(Data extracted from a collection)
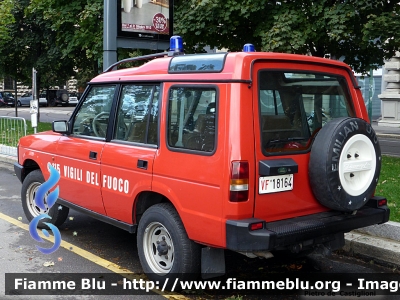 Land Rover Discovery I serie
Vigili del Fuoco
Comando Provinciale di Milano
VF 18164
Parole chiave: Land-Rover Discovery_Iserie Lombardia (MI) VF18164 fuoristrada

▶ Exercise brief: Please repeat each line above exactly as it appears, but omit the pictures.

▶ Response to the task:
 Land Rover Discovery I serie
Vigili del Fuoco
Comando Provinciale di Milano
VF 18164
Parole chiave: Land-Rover Discovery_Iserie Lombardia (MI) VF18164 fuoristrada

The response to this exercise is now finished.